::: SUPPLIED INFORMATION

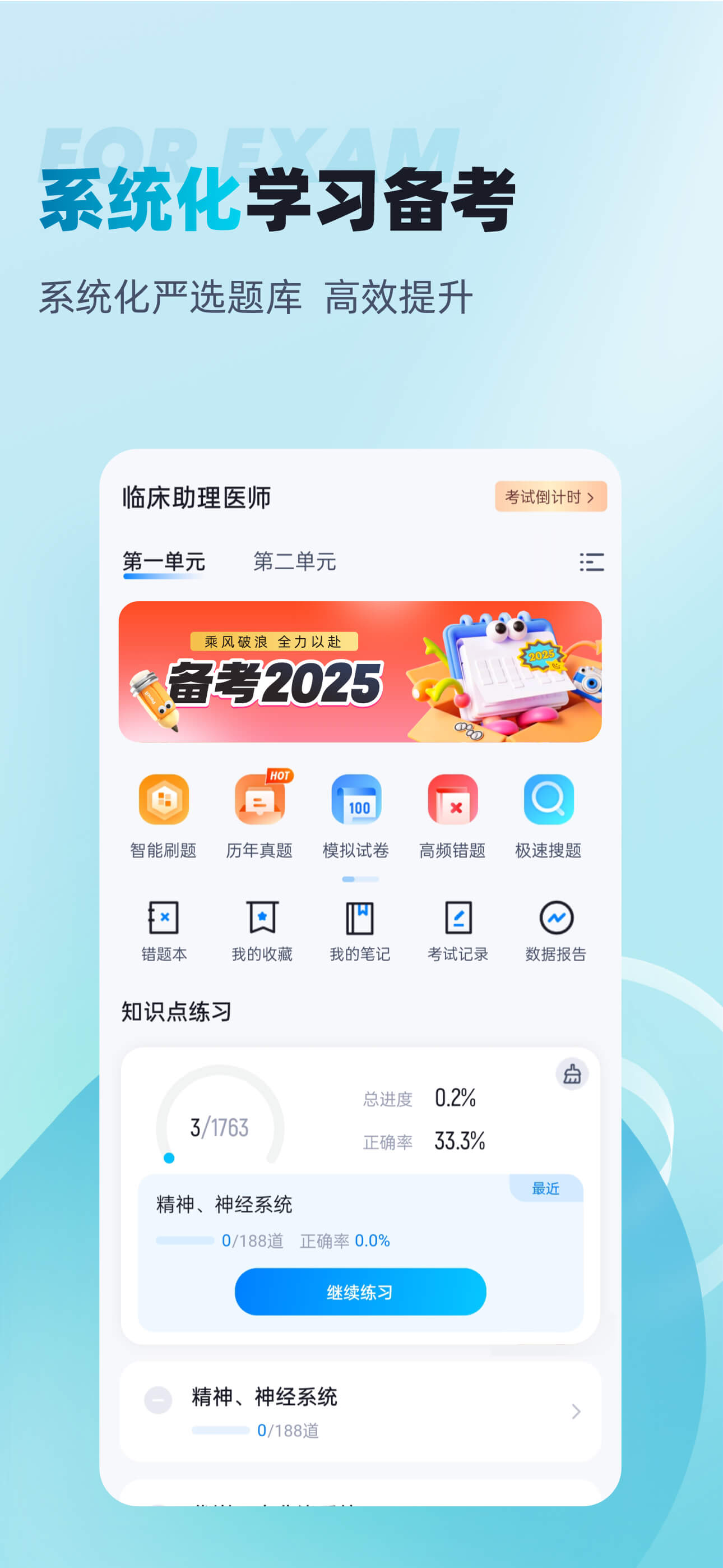 临床助理医师聚题库-备考大全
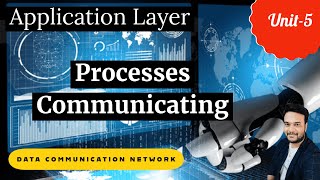 Processes Communicating  Application Layers  Data communication and Networks [upl. by Ariec]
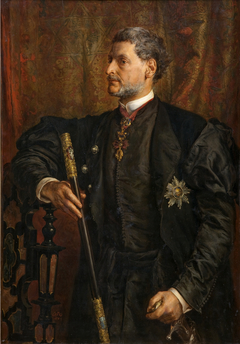 Portrait of Alfred Potocki by Jan Matejko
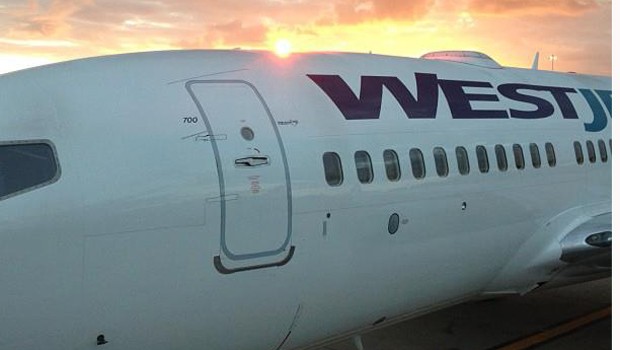 Rang 3: Westjet, Kanada. 58,5 Punkte.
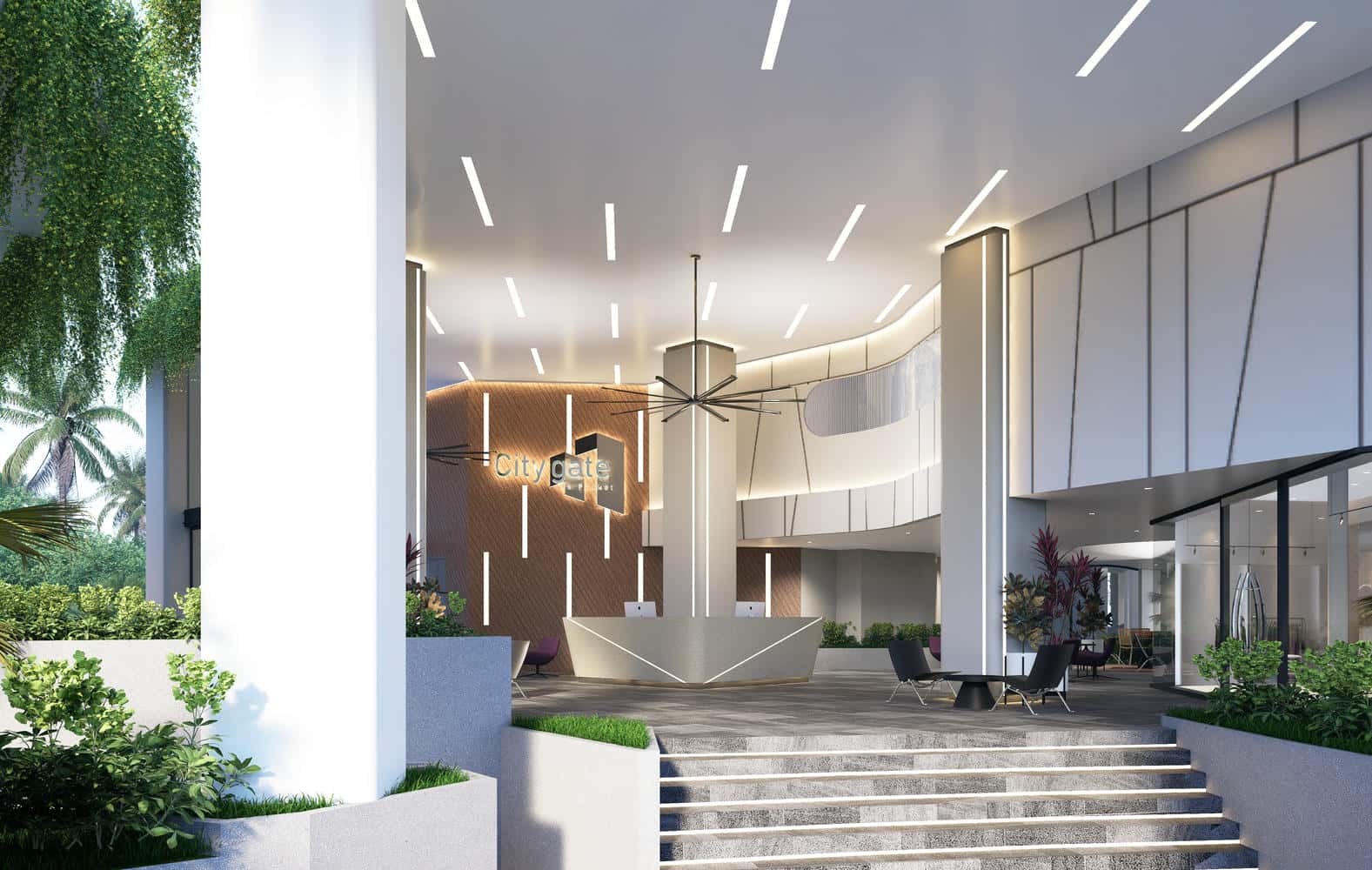 Main Lobby A_001 3-Bedroom Fully Furnished Duplex Condo – Kamala, Phuket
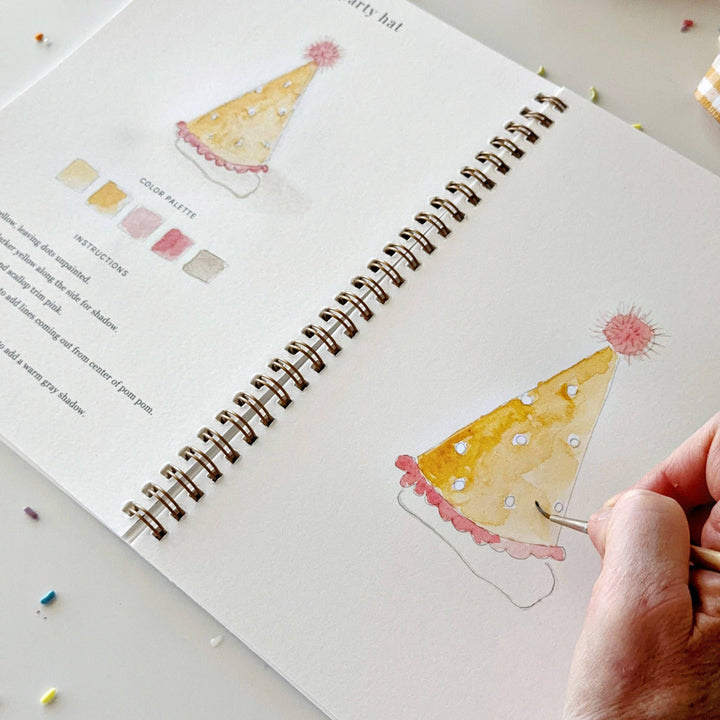 emily lex studio Cards Celebrate Watercolor Workbook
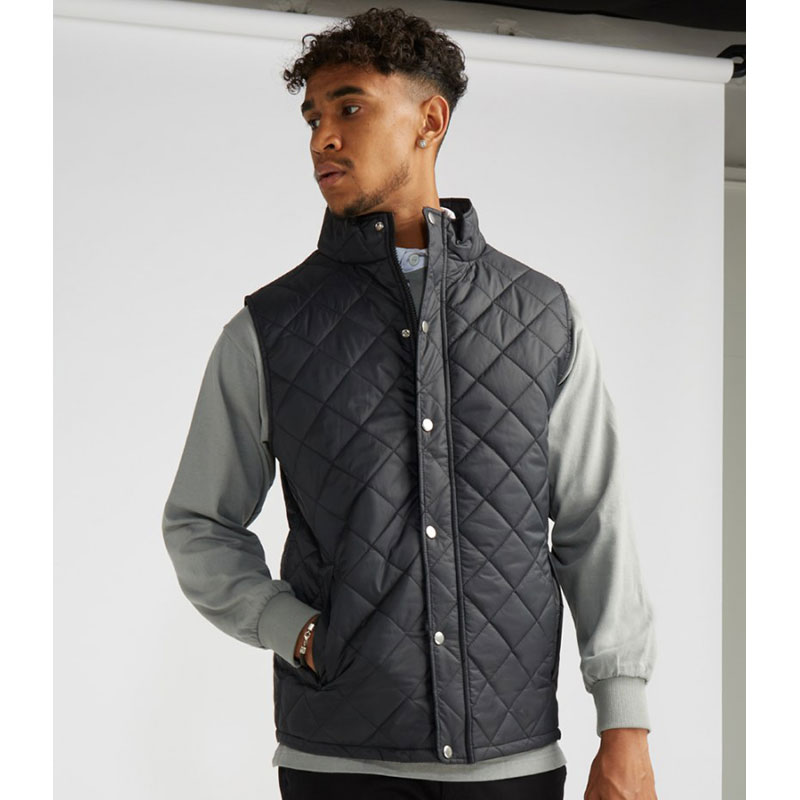 Front Row Diamond Quilted Gilet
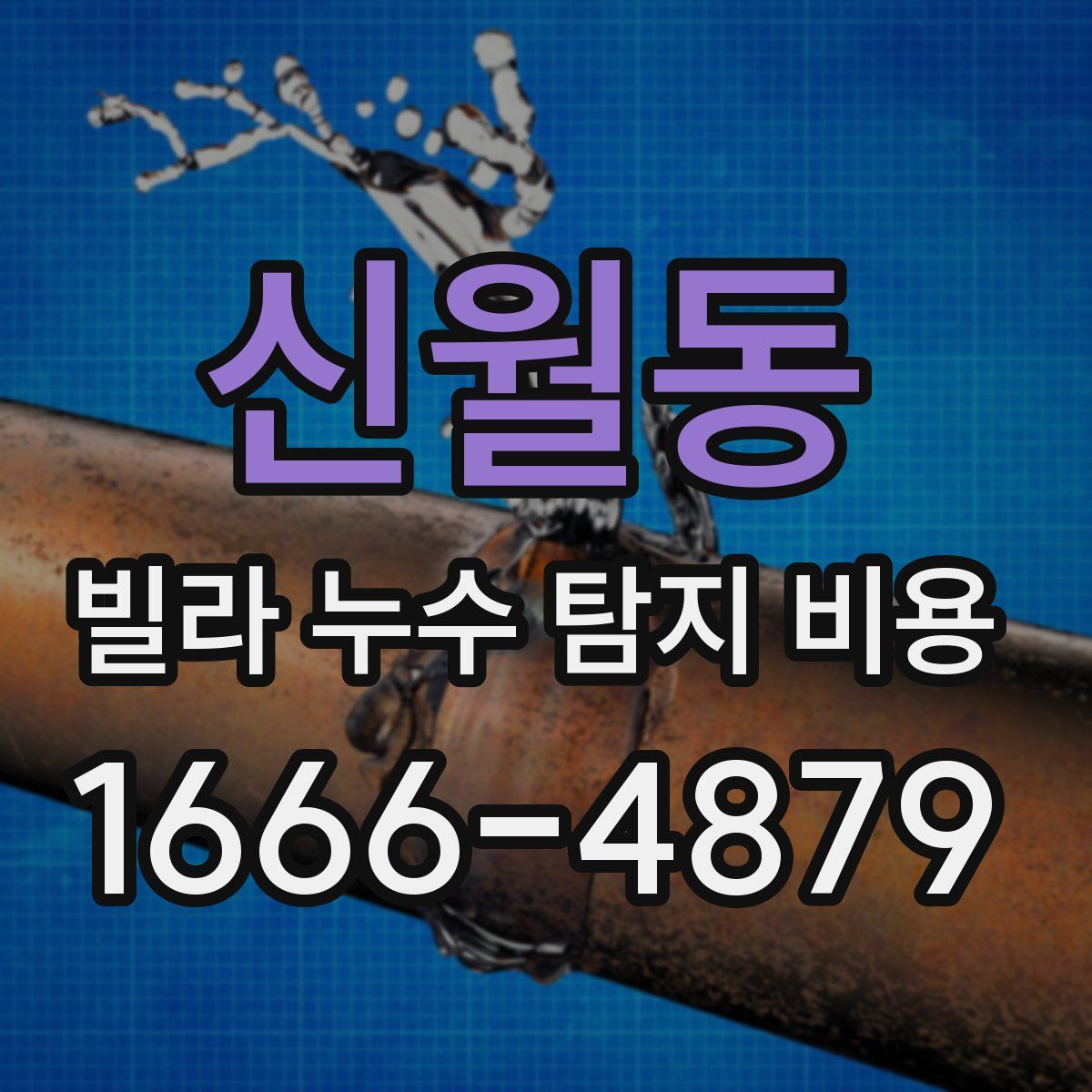 신월동 빌라 누수 탐지 비용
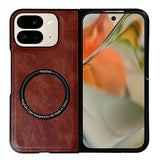 Google Pixel 9 Pro Fold Crazy Horse Leather MagSafe Magnetic Case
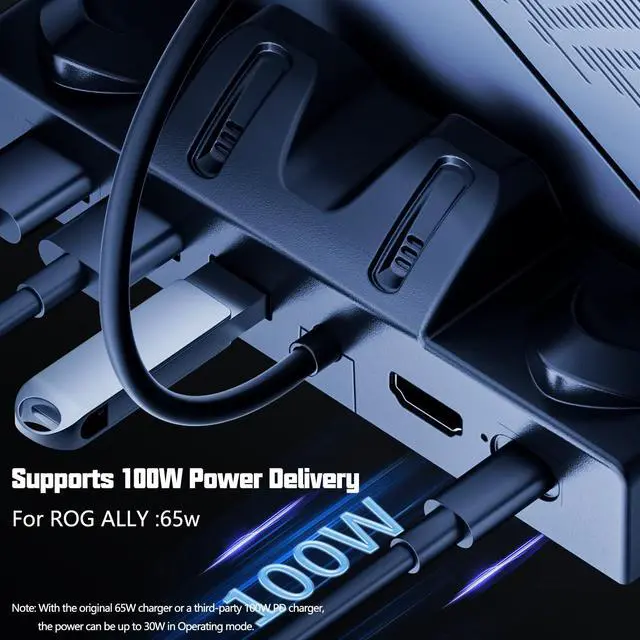 Alt view image 5 of 5 - Kstkry Docking Station for ROG Ally/Steam Deck/Lenovo Legion Go,6-in-1 Dock with HDMI 2.0 4K@60Hz Gigabit Ethernet 3 USB-A and USB-C 3.0 Charging Compatible with ROG Ally/Steam Deck/Lenovo Legion Go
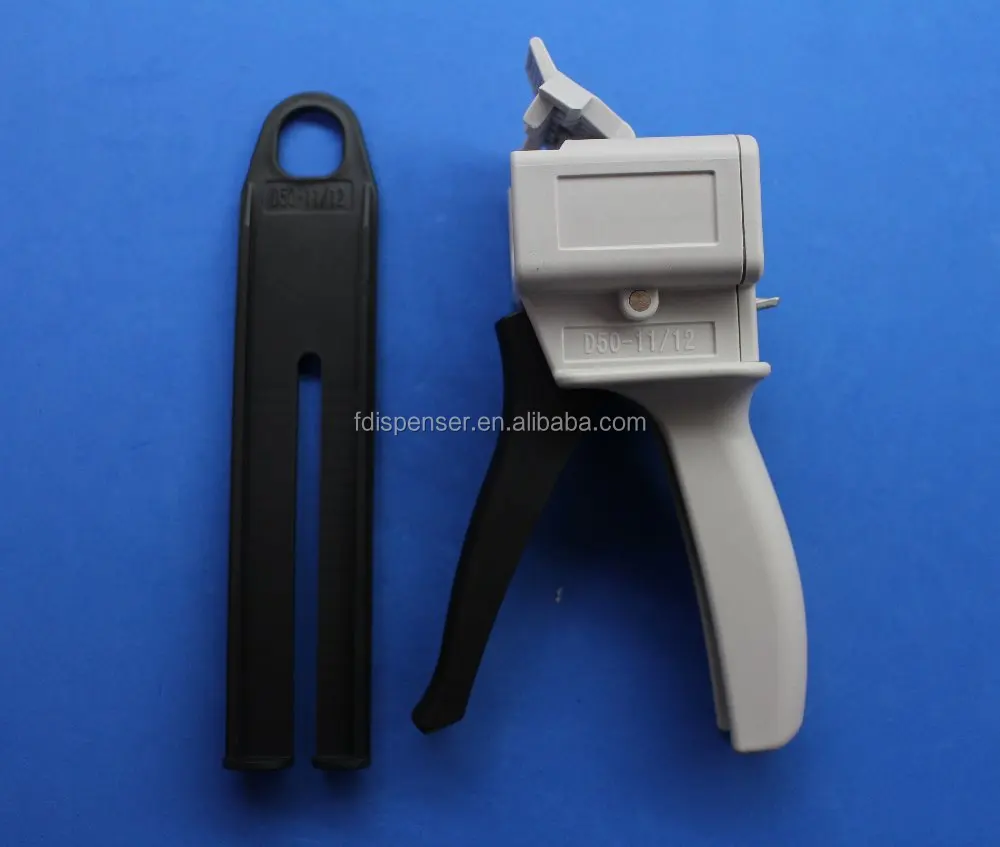 
High precision promotion caulking gunWholesale 8sets/lot 2-part Epoxy Resin Caulk Mixing Gun Dispenser Applicator 50ml ratio 1:1 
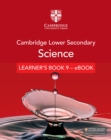 Cambridge Lower Secondary Science Learner's Book 9 - eBook - eBook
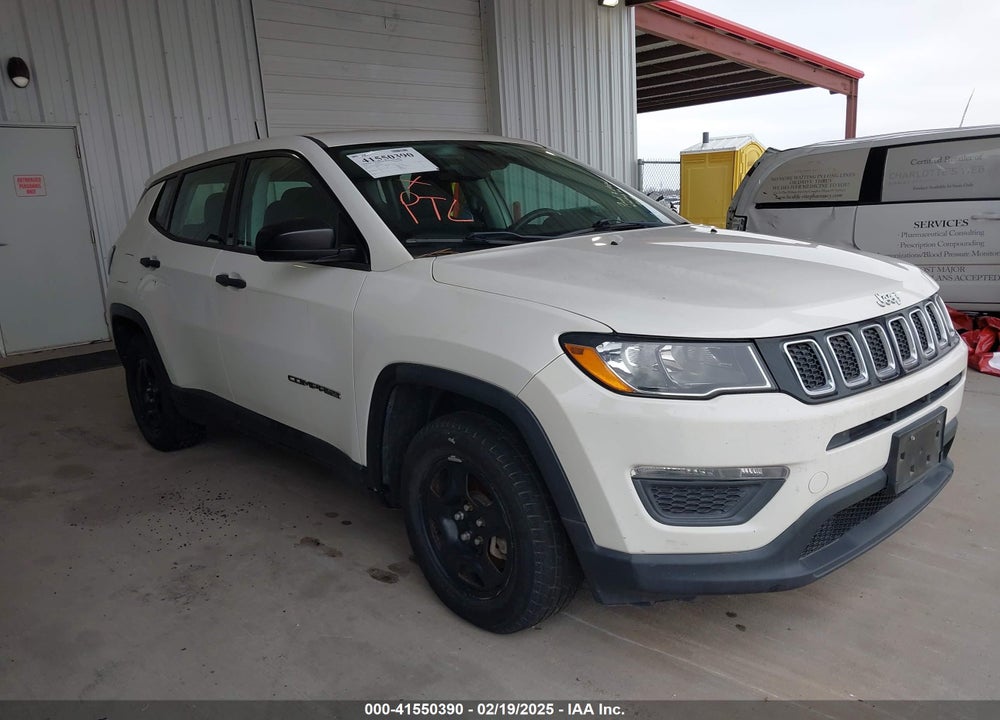 2018 JEEP COMPASS SPORT FWD VIN: 3C4NJCABXJT326901
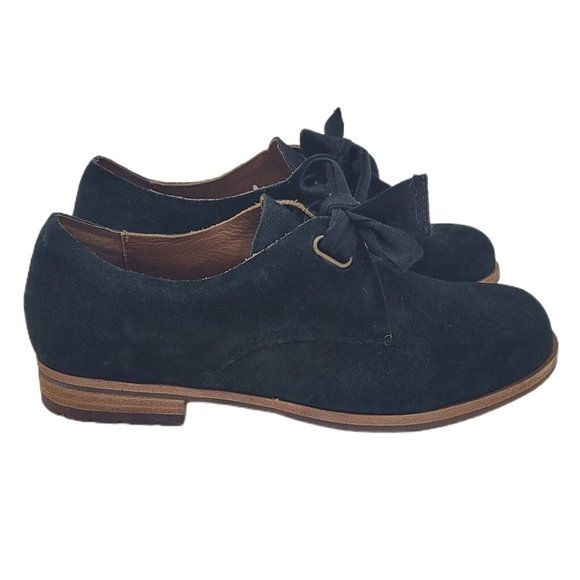 KorkEase Shoes New Korkease Beryl Suede Bow Tie Shoes In Black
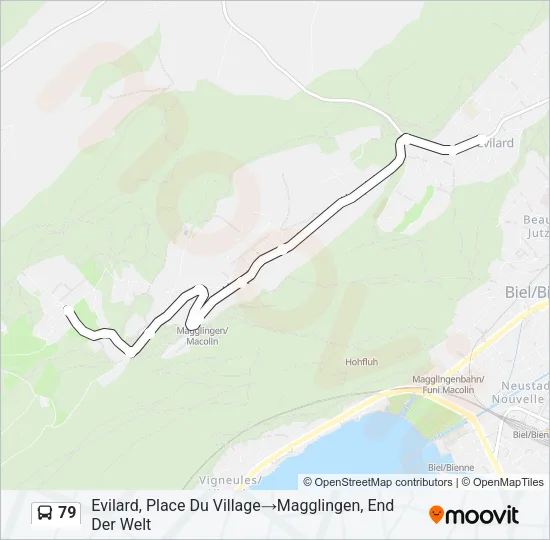 Plan de la ligne 79 de bus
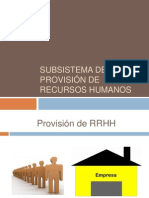 Tema 6 Subsistema de Provisión de Recursos Humanos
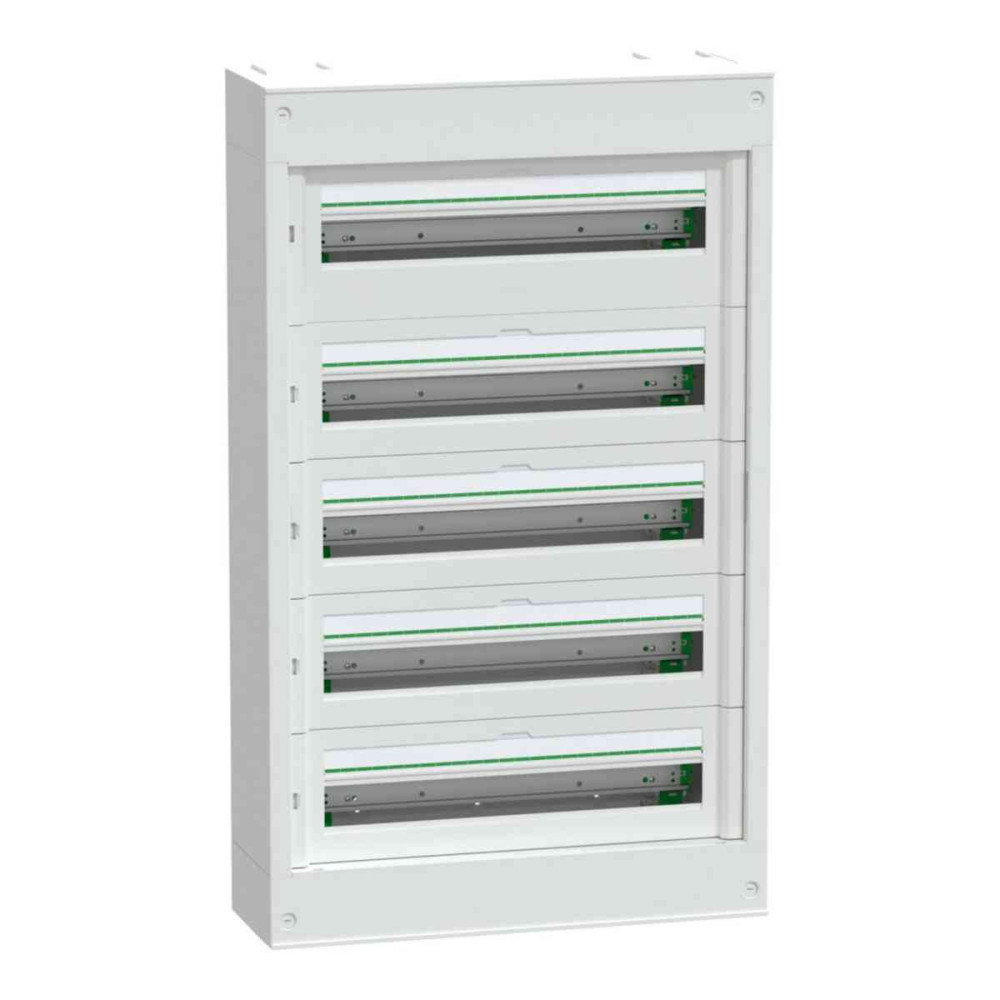 Coffret saillie plastique & métal 5 rangées 24 modules PrismaSeT S Schneider Electric -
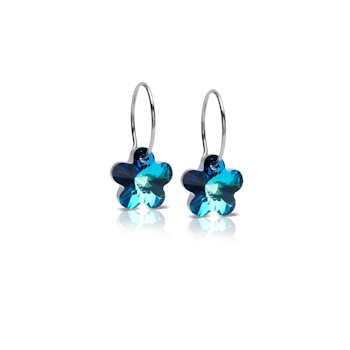 NT EAR RING 14 FLOWER 12 TURQUOISE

::::::

WHAT YOU SHOULD DO –
From the line containing "Plan de la ligne 79 de bus" down to the last line of the records above, repeat every line exactly and nothing else, dropping any pictures.

PROBLEM SOLUTION –
 Plan de la ligne 79 de bus
 Tema 6 Subsistema de Provisión de Recursos Humanos
 Coffret saillie plastique & métal 5 rangées 24 modules PrismaSeT S Schneider Electric -
 NT EAR RING 14 FLOWER 12 TURQUOISE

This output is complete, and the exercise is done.